After the reconstruction of the accident, the judge stated before the media the confirmation of the serious negligent hypothesis highlighting human mistake as the cause of the incident. It is therefore concluded that the defendants (i.e. driver and assistant) did not met the safety goal regarding safety since they were not able to keep the danger that derived from a risk activity under complete control, even though the means of protection of the system were working properly and, the driver and the assistant, had the abilities to make them run properly. Consequently, human error is again mentioned as the root cause of the accident. The fiscal of the case requested the questioning not only of the driver and the assistant, but also of the employees of tractive mechanics, rolling and maintenance area, who are the ones in charge of the revision of the locomotives and railcars.
As regards human factor, it is described that either the driver and the assistant, have wide-ranging experience concerning driving locomotives, and that they have acquired 15 and 10 years of seniority respectively. Moreover, the file of the case states that they were not drunk and that they were in good health. As regards organizational management, after the report submitted by the inspector, all senior leadership of Ferrobaires was renewed.
As regards the accident of Sarmiento line (TBA S.A.) it can be pointed out again a multiplicity of factors which were extremely connected, and that could be the root of the accident. However, in comparison to the previous accident, this one shows details that put it in a serious organizational negligent situation even though, firstly, human mistake is also identified as one the main causes of the accident.
The reports of the National Transport Regulatory Commission [Comisión Nacional de Regulación del Transporte (CNRT)] and of the National General Audit Office [Auditoria General de la Nación (AGN)] are determining. The 50% of the line derailments reported in 2008, and the 61% of the ones reported in 2009 occurred due to differences between the rolling stock and the infrastructure of the rails. Moreover, the same years, the sources of the mentioned accidents were the infrastructure of the rail-between 17% and 29%-, the rolling stock –between 33% and 64%, and human errors – between 7% and 50%- (AGN 303/09, year 2012: 85-86).
Specifically, at the time of the accident the train was overloaded, the brakes did not work properly, the train was running without the compressor, and the dead man device was deactivated. Moreover, it was also found out that the repairing of the damaged railcars was carried out through confusing methods of indirect costs.
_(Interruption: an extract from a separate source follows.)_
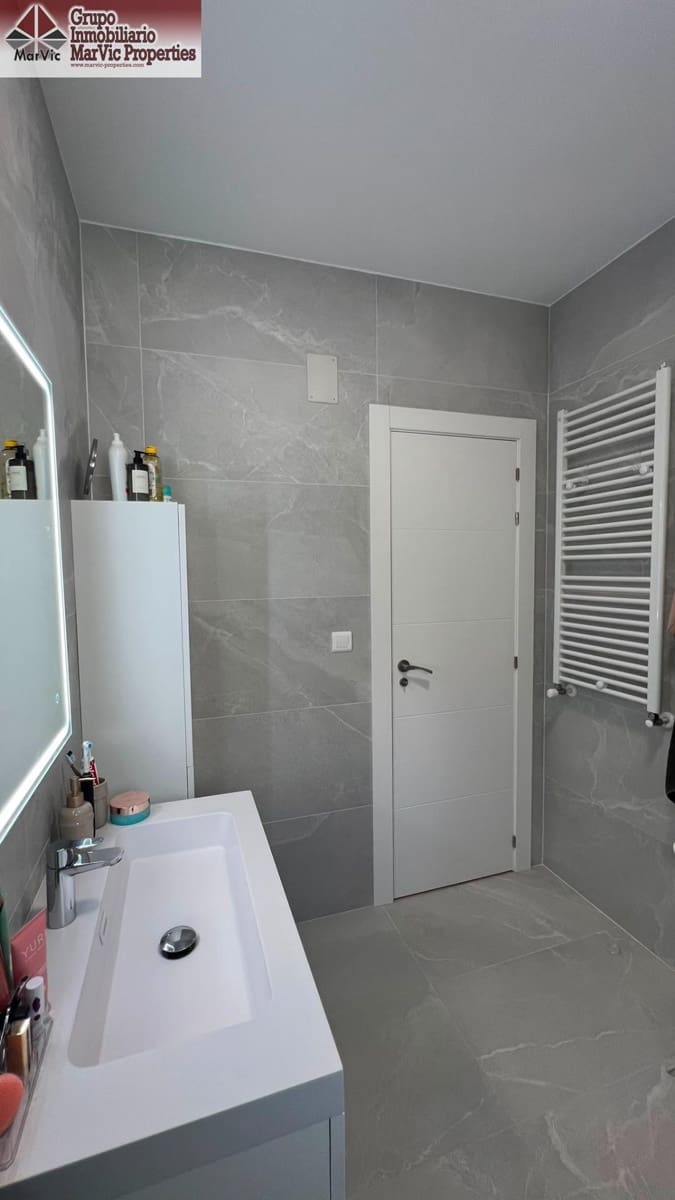 4 bedroom Villa for sale in Benidorm with pool garage - € 870,000 (Ref: 9920456)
In reference to human factor, the driver had a two-years’ experience as driver of electric trains. Before that, he worked as a driver of diesel locomotives, which means that he had been working for T.B.A. S.A. for five years. The driver was in good health; he did not suffer from epilepsy, and he was not drunk at the time of the accident. He was 26 years old. An additional element, that it is possible to analyze again, refers to the labor career of the drivers.15 The individual enters the company and gets promoted through different categories until achieving the drivers’ position. The training to get to that position is held at the é ó16 [Technical Driving School], which works under the management of La Fraternidad, and where the individuals are tested with the presence of CNRT when finishing the course. Therefore, time schedules and diagrams definitions are made by the workers themselves. As a consequence, it may occur that the complex time schedules are assigned to younger and less experienced drivers. In short, a twenty-six-year-old young man with little expertise is responsible for the safety and the lives of more than 2500 people.
The school started in 1890, at the time “Academia de Instrucción para aspirantes a maquinistas de locomotives ferroviarias” was founded. That educational department is still working. Until the ‘90s, schools provided courses, and the candidates and drivers’ assistants attended them, without rendering the service. Under the management of private concessions, this situation changed completely since individuals had to combine the rendering of the services with the courses during non-working hours.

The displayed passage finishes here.